The Current Storage Market Landscape
In the past few months the PC hardware market has gone off the rails. Rising RAM prices spilled over to SSDs, hard drives, and even consumer graphics cards. Manufacturers are diverting production to data‑center memory (HBM) and NAND, leaving consumer‑grade storage scarce and expensive.
Why SSD Prices Have Skyrocketed
Data‑center demand for high‑bandwidth memory reduces the supply of NAND chips, which in turn inflates SSD prices. A 2 TB Gen4 SSD that used to sell for around $100 in India now costs $300 or more – a 200% increase.
HDDs Remain a Viable Alternative
Hard‑drive prices have also risen, but the increase is more modest.

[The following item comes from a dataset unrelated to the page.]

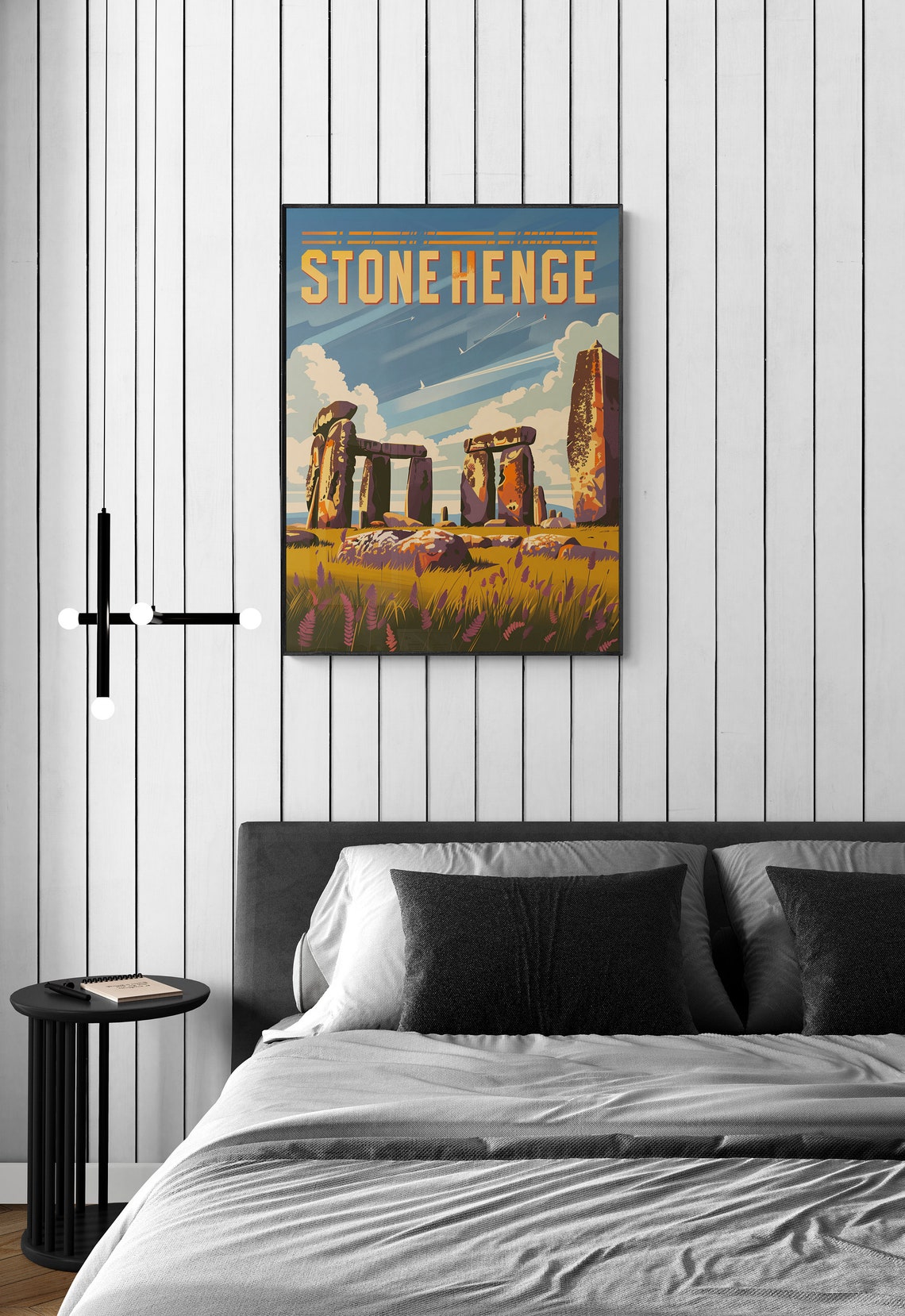 Stonehenge Ancient Stone Circle Meadow Sky Vintage Travel Poster - Image 5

The same 2 TB Seagate or WD drives that were $70 are now about $120 – a 74% jump. While still higher than before, HDDs provide a much better price‑per‑gigabyte ratio compared to SSDs today.
- 2 TB HDD ≈ $120 (≈ $0.06/GB)
- 2 TB Gen4 SSD ≈ $300 (≈ $0.15/GB)
This makes HDDs the sensible choice for secondary storage while waiting for SSD prices to normalize.
Practical Storage Strategy for Your PC
1. Keep your existing fast SSDs for operating system, games, and frequently used apps.
2. Move large, infrequently accessed files – photos, videos, movies, work backups – to a new HDD.
3. Delete or archive older games to free up SSD space instead of buying more SSD capacity now.
4. Re‑evaluate your storage layout every 6‑12 months as market conditions evolve.
Looking Ahead: Future Upgrades
When the market stabilizes (potentially in two years), you can consider upgrading to Gen5 SSDs or adding a 1 TB Gen5 drive alongside a 2 TB Gen4 drive for ample capacity. Until then, a mixed SSD/HDD setup offers performance where it matters and cost‑effective bulk storage elsewhere.